╭─ INFORMATION SHOWN

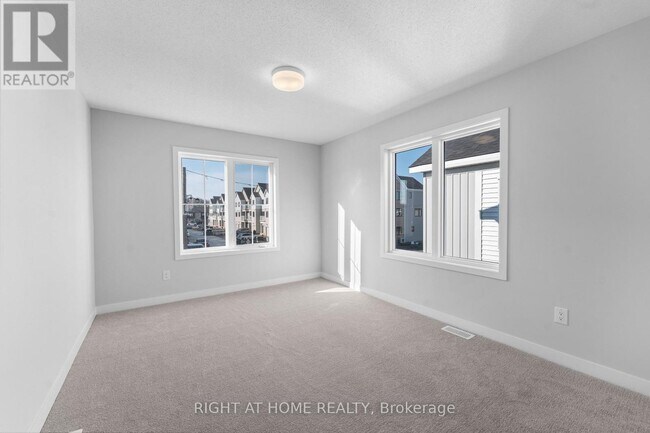 Photo du bâtiment - 717 Tincture Pl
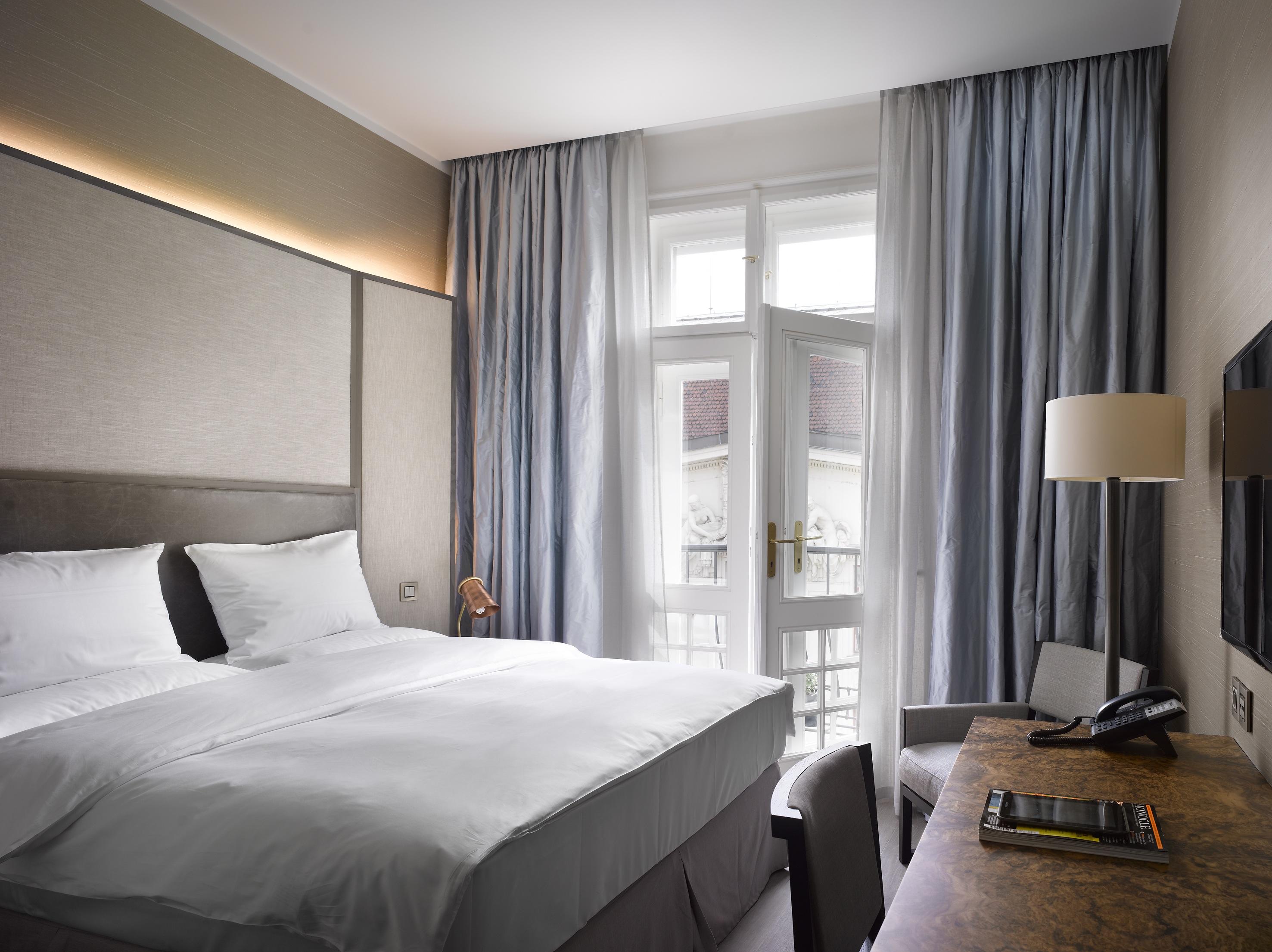 The Emblem - Preferred & Otel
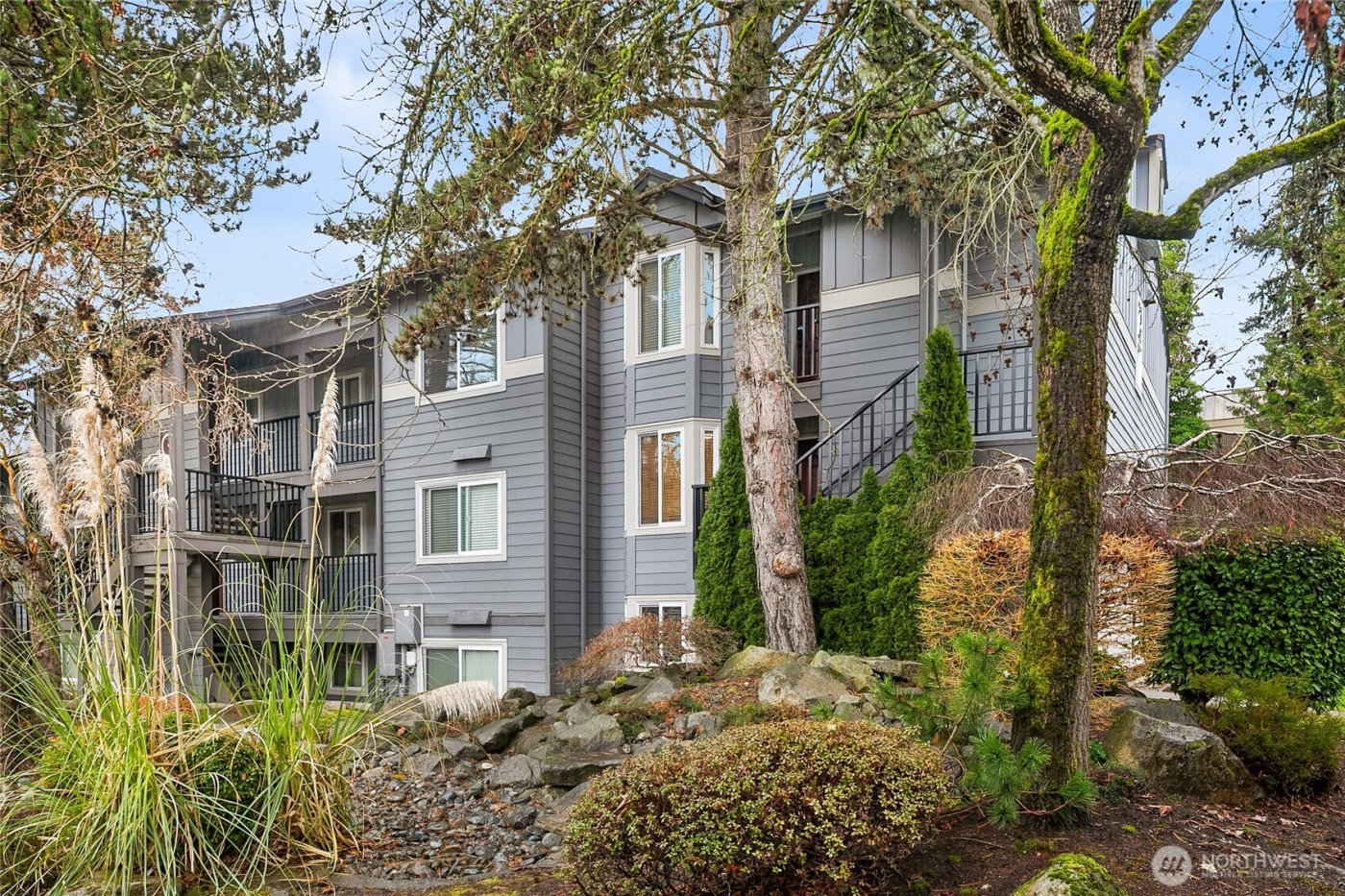 11114 NE 125th Lane #G227, Kirkland, WA 98034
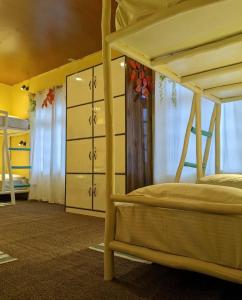 a bedroom with two bunk beds in a room at Piti khangpa in Kaza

╰─

(WHAT THE EXERCISE ASKS): Return the lines of the data above in full and exactly, with no pictures.

(YOUR RESPONSE):
 Photo du bâtiment - 717 Tincture Pl
 The Emblem - Preferred & Otel
 11114 NE 125th Lane #G227, Kirkland, WA 98034
 a bedroom with two bunk beds in a room at Piti khangpa in Kaza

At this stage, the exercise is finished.